Avis de l’Observatoire : la prégnance au fil du temps de la GPEC au coeur de l’instrumentation de GRH tient selon nous à deux caractéristiques majeures :

- son statut d’outil-pivot, renforçant la cohérence interne des pratiques de GRH (recrutement, évaluation, formation, mobilité, etc.) via l’analyse systématique des écarts entre les compétences requises par les métiers et les compétences détenues par les salariés ;

- sa capacité à aligner la politique RH sur la stratégie d’entreprise à travers notamment la réflexion prospective sur les métiers ‘sensibles’ : métiers menacés / fragilisés, porteurs ou en croissance, émergents, à fort taux de renouvellement, en tension (pour lesquels l’offre de main d’œuvre est réduite sur le marché du travail), etc.

Toutefois, les promesses de la GPEC ne semblent pas s’être pleinement concrétisées. La projection des besoins en ressources humaines reste un exercice complexe, entaché d’incertitude, qui suppose une vision stratégique explicite et un effort de prospective.
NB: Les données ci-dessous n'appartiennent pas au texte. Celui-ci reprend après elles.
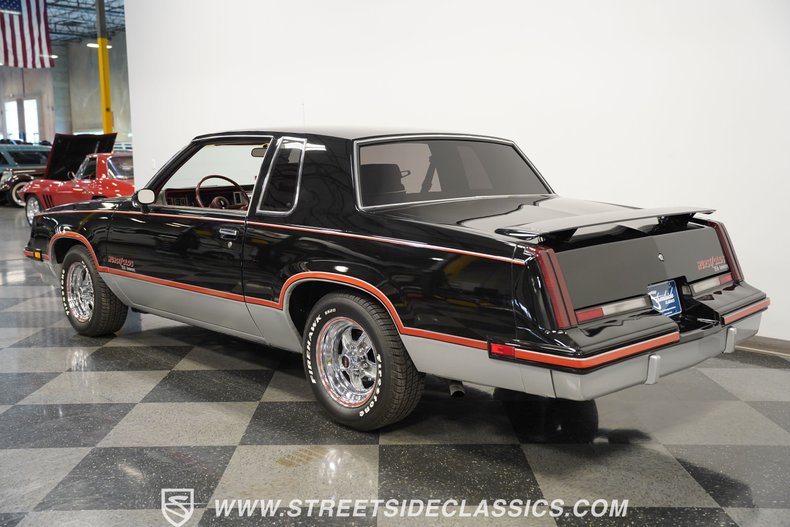 Oldsmobile-Cutlass-1983-Black-Maroon-5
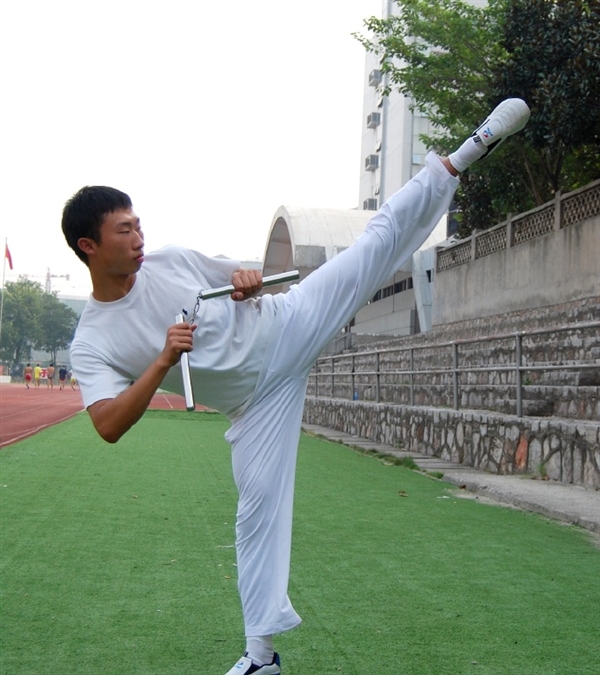 昆虫学硕士因表演双节棍获得工作 2000万粉大V感慨：掌握一门手艺很重要-第1张图片-9158手机教程网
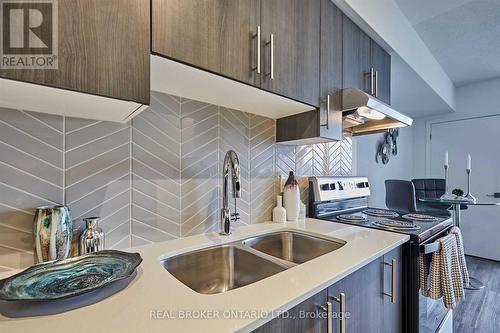 405 - 1 Falaise Road, Toronto, ON - Indoor Photo Showing Kitchen With Double Sink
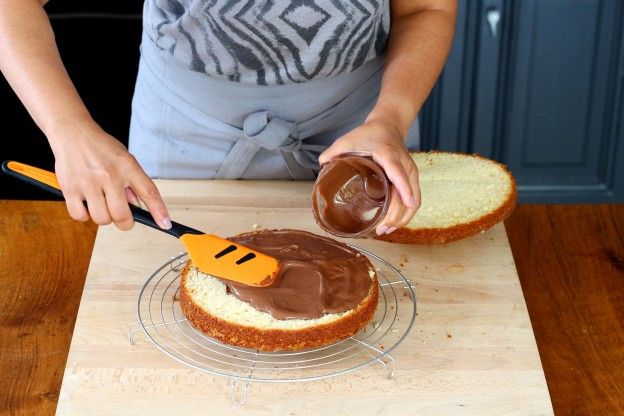 Den Kuchen bestreichen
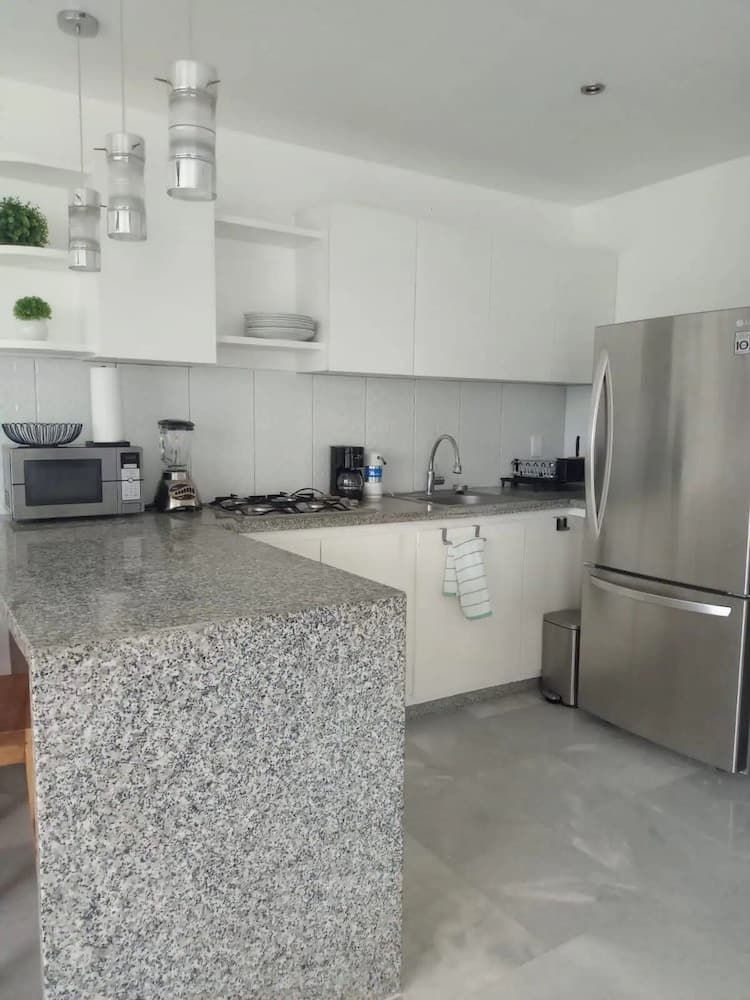 CONDO FLAMINGO  BY TRVL2HM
Par ailleurs, si la GPEC n’est pas l’antichambre des PSE, elle n’en est pas davantage l’antidote. Pratique éminemment contingente, on reproche également aux démarches GPEC un déficit de contextualisation et une inadéquation aux caractéristiques et enjeux des PME. De fait, l’enjeu semble moins résider dans la maîtrise d’une instrumentation de GPEC, désormais bien connue et stabilisée (référentiels, cartographies des métiers, observatoires des métiers, etc.) que dans la capacité à travailler l’appropriation de ces démarches notamment par les managers de proximité.